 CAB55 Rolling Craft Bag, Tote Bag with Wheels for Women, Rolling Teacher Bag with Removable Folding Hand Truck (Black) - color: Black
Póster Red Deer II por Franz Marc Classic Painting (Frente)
* * *
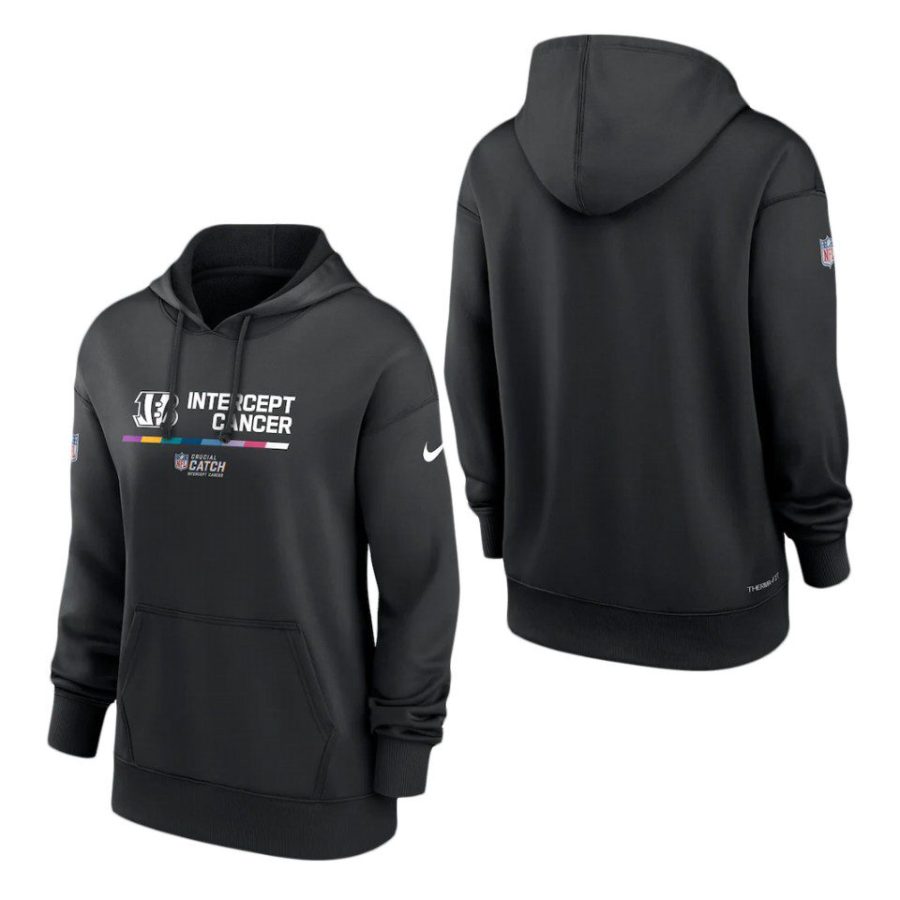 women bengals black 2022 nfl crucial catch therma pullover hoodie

● **Your instructions**:
Would you print, exactly as written, every line above from the one holding "CAB55 Rolling Craft" through the one holding "Póster Red Deer", with both included and no other lines?

● **Finished exercise**:
 CAB55 Rolling Craft Bag, Tote Bag with Wheels for Women, Rolling Teacher Bag with Removable Folding Hand Truck (Black) - color: Black
Póster Red Deer II por Franz Marc Classic Painting (Frente)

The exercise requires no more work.